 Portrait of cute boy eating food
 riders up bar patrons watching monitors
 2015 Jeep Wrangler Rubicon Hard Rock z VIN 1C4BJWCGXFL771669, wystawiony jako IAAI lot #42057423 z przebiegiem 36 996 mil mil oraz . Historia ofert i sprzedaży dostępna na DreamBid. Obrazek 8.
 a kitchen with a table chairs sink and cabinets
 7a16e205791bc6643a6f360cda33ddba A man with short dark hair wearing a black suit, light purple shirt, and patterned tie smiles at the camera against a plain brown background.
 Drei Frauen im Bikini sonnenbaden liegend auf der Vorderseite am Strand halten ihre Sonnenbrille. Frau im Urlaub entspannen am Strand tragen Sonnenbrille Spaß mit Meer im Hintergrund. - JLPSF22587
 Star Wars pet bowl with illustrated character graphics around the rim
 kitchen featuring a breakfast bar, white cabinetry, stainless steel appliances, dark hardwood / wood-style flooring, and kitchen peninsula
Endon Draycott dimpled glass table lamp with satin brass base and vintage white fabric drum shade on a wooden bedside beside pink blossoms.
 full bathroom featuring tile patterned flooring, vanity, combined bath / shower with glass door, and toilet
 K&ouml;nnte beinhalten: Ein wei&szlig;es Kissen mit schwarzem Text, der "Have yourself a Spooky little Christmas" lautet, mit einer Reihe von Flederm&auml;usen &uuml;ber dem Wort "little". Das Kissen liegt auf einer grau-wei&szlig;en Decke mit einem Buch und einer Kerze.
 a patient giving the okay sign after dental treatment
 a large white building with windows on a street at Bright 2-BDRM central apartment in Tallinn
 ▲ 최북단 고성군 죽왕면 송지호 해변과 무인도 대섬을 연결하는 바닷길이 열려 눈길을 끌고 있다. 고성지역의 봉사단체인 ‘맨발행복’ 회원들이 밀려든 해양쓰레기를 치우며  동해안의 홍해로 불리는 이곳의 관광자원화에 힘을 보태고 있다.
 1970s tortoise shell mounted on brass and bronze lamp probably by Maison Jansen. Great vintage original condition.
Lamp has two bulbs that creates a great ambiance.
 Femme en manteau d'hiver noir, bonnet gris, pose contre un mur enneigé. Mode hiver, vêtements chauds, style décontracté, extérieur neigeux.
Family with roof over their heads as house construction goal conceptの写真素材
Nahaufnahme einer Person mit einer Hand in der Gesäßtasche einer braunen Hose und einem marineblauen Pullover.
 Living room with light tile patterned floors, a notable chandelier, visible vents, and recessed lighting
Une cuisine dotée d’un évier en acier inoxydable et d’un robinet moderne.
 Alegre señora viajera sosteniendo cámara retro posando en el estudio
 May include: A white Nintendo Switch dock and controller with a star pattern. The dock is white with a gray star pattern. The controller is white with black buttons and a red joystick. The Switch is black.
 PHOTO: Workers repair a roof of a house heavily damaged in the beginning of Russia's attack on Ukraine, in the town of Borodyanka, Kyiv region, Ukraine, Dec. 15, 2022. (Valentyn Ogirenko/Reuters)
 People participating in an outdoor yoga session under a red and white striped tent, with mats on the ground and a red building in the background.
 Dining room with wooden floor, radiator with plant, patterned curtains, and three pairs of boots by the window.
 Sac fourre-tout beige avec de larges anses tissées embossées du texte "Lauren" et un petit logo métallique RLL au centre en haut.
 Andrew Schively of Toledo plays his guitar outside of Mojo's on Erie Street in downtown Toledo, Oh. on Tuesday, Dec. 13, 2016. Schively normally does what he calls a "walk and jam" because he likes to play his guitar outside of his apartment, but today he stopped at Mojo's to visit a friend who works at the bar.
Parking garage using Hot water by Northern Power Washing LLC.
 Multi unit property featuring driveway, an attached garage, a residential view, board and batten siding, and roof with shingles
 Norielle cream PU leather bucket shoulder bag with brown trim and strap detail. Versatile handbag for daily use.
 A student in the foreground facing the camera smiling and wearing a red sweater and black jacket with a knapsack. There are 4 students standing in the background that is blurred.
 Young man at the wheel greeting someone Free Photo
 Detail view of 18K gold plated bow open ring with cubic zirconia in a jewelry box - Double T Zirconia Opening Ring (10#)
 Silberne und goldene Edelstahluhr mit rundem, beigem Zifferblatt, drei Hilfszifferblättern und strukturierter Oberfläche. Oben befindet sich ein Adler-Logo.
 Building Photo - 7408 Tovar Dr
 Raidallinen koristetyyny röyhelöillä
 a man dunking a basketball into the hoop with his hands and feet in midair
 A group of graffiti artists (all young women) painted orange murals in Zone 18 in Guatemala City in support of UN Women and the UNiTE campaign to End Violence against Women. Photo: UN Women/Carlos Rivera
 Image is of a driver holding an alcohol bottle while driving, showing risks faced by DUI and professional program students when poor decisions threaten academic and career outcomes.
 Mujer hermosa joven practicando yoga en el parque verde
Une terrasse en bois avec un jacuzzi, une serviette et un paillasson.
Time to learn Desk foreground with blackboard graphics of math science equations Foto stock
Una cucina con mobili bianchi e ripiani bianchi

################

All that is needed is the exact run of lines above from the line containing "Drei Frauen im" through the line containing "Star Wars pet", both of them included.

 Drei Frauen im Bikini sonnenbaden liegend auf der Vorderseite am Strand halten ihre Sonnenbrille. Frau im Urlaub entspannen am Strand tragen Sonnenbrille Spaß mit Meer im Hintergrund. - JLPSF22587
 Star Wars pet bowl with illustrated character graphics around the rim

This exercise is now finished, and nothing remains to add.